Alexander McCall Smith. The Department of Sensitive Crimes. New York: Pantheon, 2019. Print.
Alexander McCall Smith, the author of the No. 1 Ladies’ Detective Agency books among others and one of our favorite light writers, has apparently started a new series. Detective Ulf Varg leads a special unit of the Malmö, Sweden, police department called The Department of Sensitive Crimes. They investigate reported incidents that may or may not be caused by a criminal act, but with a potential for being more than a mere crank call.
A man at a trade show is stabbed in the back of the knee. It does not seem like an accident, but, let’s face it, that is an unusual place to be stabbed with a knife, especially when the victim is standing up at the time.
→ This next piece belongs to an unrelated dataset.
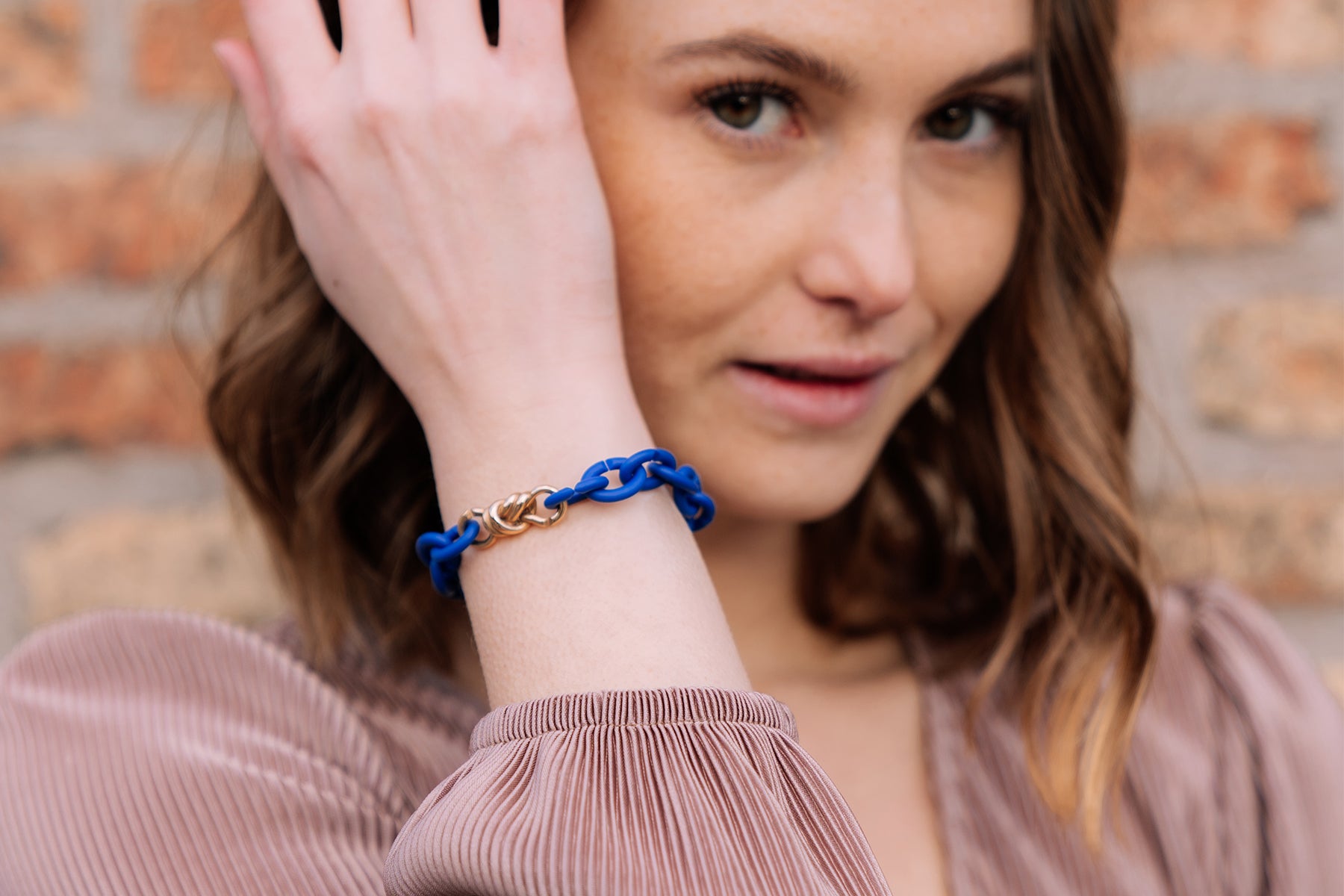 Model wearing a cobalt blue bracelet with a bronze link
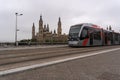 Zaragoza tram crosses the bridge that connects the two sides of the Ebro river.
A young woman feels left out because her girlfriends all have boyfriends. In fact, her closest friend has two and manages to keep them both. So she makes up an imaginary boyfriend and actually gets a guy she meets in a coffee shop to pose for a selfie with her.
It gets a little more complicated as her friends keep wanting to meet this guy. Finally, she says that he is a meteorologist and has to do some work at a weather station above the Arctic Circle. Meanwhile her two-timing friend finds a bloody cloth in the girl’s car trunk and whose relative has been stationed in the same weather station and has never heard of the guy. So she reports that she suspects foul play to the police.
The death of an imaginary friend? There is more than meets the eye. Call in The Department of Sensitive Crimes.
Then the police commissioner himself asks Ulf, Anna, and Blomquist—the three Sensitive Crime police—to check out a resort run by the commissioner’s cousin. It seems there have been some unusual happenings going on around the inn. Customers are leaving after just a night or two and complaining the place is haunted. Could this be foul play by a competitor or something else?
The lighthearted and good-natured characters like those in the No. 1 Ladies’ Detective Agency stories are nearly duplicated here. Ulf Varg is a lot like Precious Ramotswe and the compulsive and boring Blomquist echoes Grace Makutsi. But here there are interesting and curious reflections on things Scandinavian. At one point we are told, for example, that Homer translates well into Swedish. He sounds like a Norse saga.
Ulf reflects on automobiles in a way reminiscent of J.L.B. Maketoni. Anna and Ulf seem to have a connection not unlike Mma Ramotswe and Bra Maketoni in the early Ladies’ Detective Agency novels, but Anna is married, and Swedes are stoics. If Grace Makutsi sometimes drones on about secretarial college, Blomquist has a single-minded obsession with fishing.
If this is the start of new series by Mr. Smith, it does have some promise. Some parts cause laughter, some parts are simply silly, and some are suspenseful fun. The detective agency formula he has developed still works here.